# How do you choose the right gearing for your fixed?



## edindave (13 Aug 2013)

Do you base it on average cadence for your usual route?
Or just what your legs can take?

I was running 48x16, and my average cadence was in the low 70s.
I swapped the 16t for an 18t and, at roughly the same overall average speed on my normal route, my average cadence went up to about 85. 

So on the surface this seems like it should probably a better gear to be running. Or am I wrong? 
It certainly feels a bit different, lighter on the legs.

It just got me wondering how others decide on a gear.


----------



## Profpointy (13 Aug 2013)

Another thought is crank length.

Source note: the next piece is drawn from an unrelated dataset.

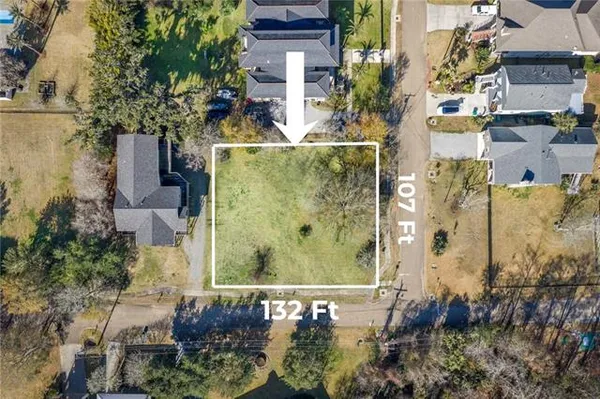 $300,000 | 138 Foy Street, Mandeville, LA 70448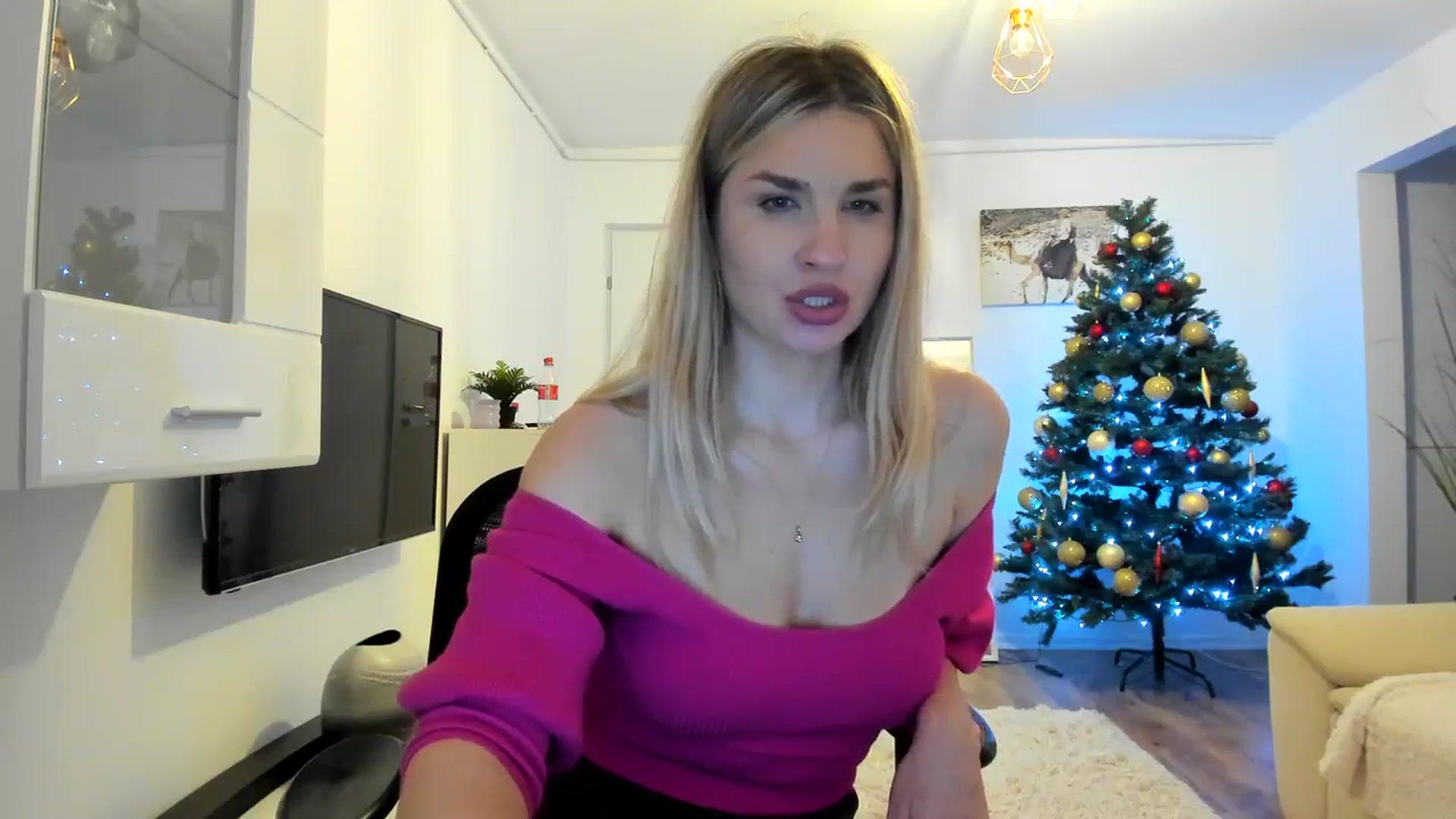 AlyMiss video thumbnail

Despite being reasonably tall 6'. i've got 165mm cranks, running a lowish gear 44 x 17 if I recall correctly (hilly city bristol) and I'm not mega fit, and far from young. Spinning quite fast on shortish cranks seems to work for me


----------



## dave r (13 Aug 2013)

It tends to be trial and error, My Pearson came with 48x18 70 inch gear and 170 cranks, the 70 inch gear was fine on the commute but too high for long lumpier rides, I changed the chainring to 46, about a 68 inch gear which was better, and eventually changed the chainset to give me 165 cranks, which suited me better and settled on 44x18 65 inch gear and ran that for several years, last spring I changed the tires from 700cx28 to 700cx25 and the 65 felt a bit under geared and I went up to 68 again.


----------



## GrumpyGregry (13 Aug 2013)

It is determined by the maximum cadence I'm prepared to run on the biggest downhill on my commute home balanced by the longest gear I can honk uphill in on the chevrons I hit coming in to work (different road). A shorter gear makes the latter easier and the former less pleasant. A longer gear eases the former but makes the latter harder. But then your legs soon adapt.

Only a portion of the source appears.